THE field mapped out for exploration in this volume has been covered, and the work is at an end. It is a work confessedly imperfect, and though it aims at a certain completeness in scope and method-confessedly fragmentary. But at any rate one who has followed it to the end will have gained a clear perception of the fact that the creation of a beautiful and comfortable home environment is not a matter of magic or happy accident, but rather of rational and essentially simple processes; and it is hoped that he will have gained some knowledge of how to develop the ability to take due account of individual needs and tastes, and to proceed logically and assuredly and with the minimum of costly experiment and disappointment to express these needs and tastes artistically in the decoration of houses. In the degree that he acquires this power he becomes a decorator; without it he remains, at most, a copyist. A man's house can be a real home only in so far as it fits his needs and expresses his ideals and aspirations. "That best becomes any one," as Cicero observed, "which is most his own." Beauty and comfort in the homes we live in-this is the ideal of interior decoration, the goal of all planning and contrivance and house-furnishing effort, the highest aim of all study of the art. To point out and emphasize the mutual interrelation and inter- dependence of these two qualities, and to set forth the principles underlying the creative processes through which they may be achieved, has been the primary aim of the study just completed. Necessarily this study has been highly analytical. We have been obliged to pick out and to consider separately elements which are actually seen only as they are combined with other elements to form wholes, and esthetic factors and forces of which we normally perceive only the resultants. This process is difficult, and at the best unsatisfactory. The art is like a two-ply web, wherein general esthetic principles are the warp threads that run from one end of the fabric to the other, giving it strength and continuity, and individual needs are the weft threads that shoot across and back, in and out, binding the warp together and giving pattern and meaning to the whole. In the process of raveling out a thread or two at a time for separate study, much of the significance of the whole mesh is lost.
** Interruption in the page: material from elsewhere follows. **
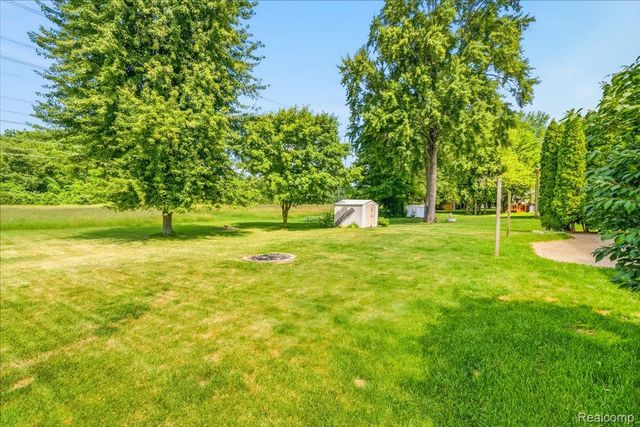 14642 Wildbrook Drive, Van Buren Charter Township, MI 48111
Nevertheless, an analytical study is the only one that can equip the decorator to solve his own problems. The method of description and illustration is easy, and valuable suggestively. But of necessity description deals, as we have repeatedly noted, with solutions of other people's problems, not with one's own. This is not enough. The decorator must be able to use form and color, as the writer uses words, in the expression of any ideas. He must be able to adapt a decorative treatment to any given conditions; and the ability to do this can never be acquired through the study of examples alone, but only through a mastery of the fundamental principles of his art.
If it be objected to the general method of this study that it is too positive, too much given to formulas, and too much inclined to ignore the personal quality of decorative art and the mysterious and intangible elements of beauty, the answer is that the method was chosen deliberately. The mysterious, the personal, the intangible and vague have been too much exploited in the literature of interior decoration. What the beginner in the art needs is a starting place on the ground, not up in the air.
We must live in houses, and we must furnish them, in person or by proxy, before we can live in them. We may do this perfectly, or fairly well, or ill. With most of us it is not a question of perfection, but of relatively well or ill; not a question of the highest beauty, but of some beauty or none at all. And the difference between relatively well and ill, and between some beauty and ugliness, is a matter of communicable and easily acquired knowledge. To master the grammar of decoration and the fundamental principles of composition; to ground the mind in the elementary facts of proportion, balance, light and shade and color practice as they are here set forth, to learn enough of ornament and of design to recognize excellence and detect the lack of it-these things are easy. Yet they are enough to insure the power to create some measure of beauty in the home, and in the aggregate to go far toward setting up standards of artistic judgment and toward cultivating the faculty of taste upon which excellence in decoration so largely depends. In many of the arts experiment is easy and inexpensive. The painter can correct his drawing or his coloring with no loss save that of his time. The writer can blot and rewrite his line. But the decorator must pay dearly for his mistakes. The selective processes of his art demand the use of costly materials, which cannot be changed at will. Thus ugly and unfitting decoration is too often permitted to remain, long after its ugliness and unfitness is clearly perceived and deeply deplored, simply because the cost of alterations is prohibitive.
The time to acquire wisdom is before one has need to use it; and in decoration, as in most of the arts of life, the beginning of wisdom is compact and workable knowledge, logically organized, and consisting in clearly established principles and definable general ideas. At the outset of this study taste was defined, somewhat ponderously, in the language of the dictionary. Essentially, taste is simply an unerring sense of fitness. A faculty developed by long processes of observation, analysis and comparison, it is after all chiefly a matter of knowledge. Hence success in the complex but fascinating and most useful art of furnishing houses is also chiefly a matter of knowledge. To repeat an earlier observation, vague ideals and hazy enthusiasms for beauty and comfort will get us nowhere in the art. We must not only feel, but know.
"Through wisdom is an house builded; and by understanding it is established:
And by knowledge shall the chambers be filled with all precious and pleasant riches."